La répartition nationale des migrants est la suivante : les Tunisiens représentent 22 %, les Erythréens 18 %, les Nigérians 7 %, les Ivoiriens et les Soudanais 5 %, les Pakistanais, Algériens et Guinéens 4 % et enfin les Maliens et les Irakiens respectivement 3 %.
L'office international de migration (OIM) a comptabilisé 700 000 migrants, dont 400 000 femmes dans le pays, mais ce chiffre est sans doute sous-évalué. Nombreux sont ceux qui sont détenus dans des camps dans des conditions souvent inhumaines, victimes de pratiques qui s'apparentent à de l'esclavage. S'y ajoutent les réfugiés, que le HCR évalue à 48 000.
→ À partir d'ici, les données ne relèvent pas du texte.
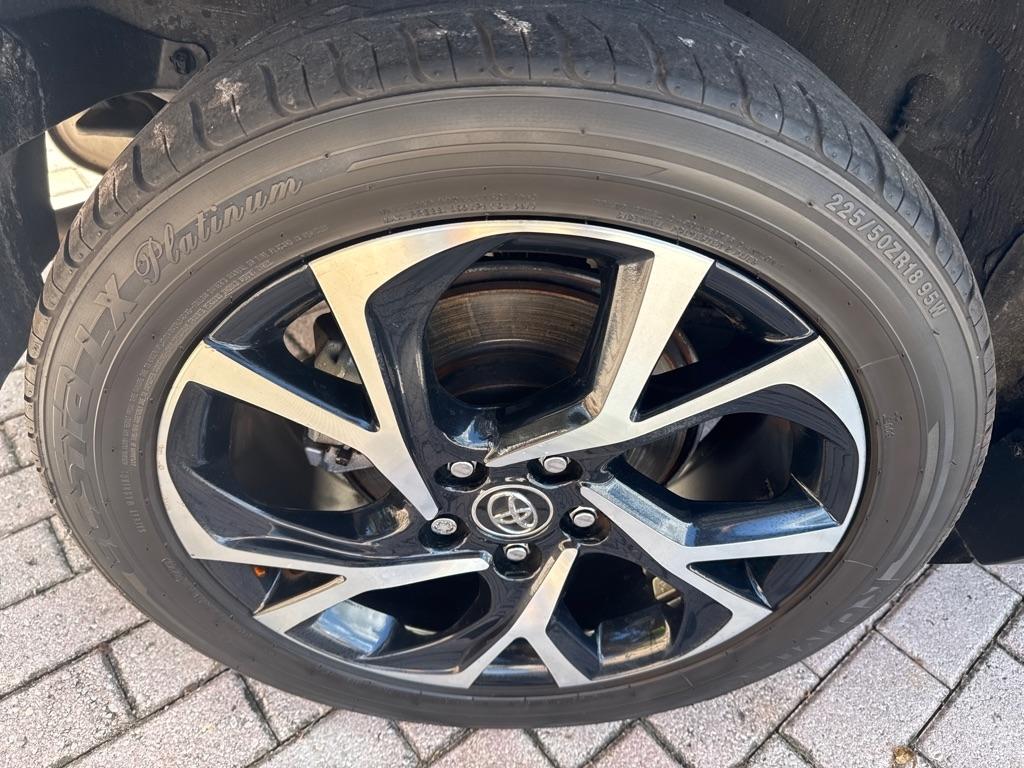 Toyota C-HR Limited FWD (Natl) 2019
Pour agir face au trafic d'êtres humains, la France a pris l'initiative avec les Pays-Bas, le Royaume-Uni, l'Allemagne et les États-Unis, en accord avec le gouvernement de Tripoli, de soumettre au Conseil de sécurité des Nations unies une liste de noms de trafiquants en vue de l'adoption de sanctions.
Je rappelle également les autres initiatives prises par la France : le sommet de Paris en juillet et celui d'Abidjan en novembre, ainsi que la création d'une task force entre l'Union africaine (UA), les Nations unies et l'Union européenne.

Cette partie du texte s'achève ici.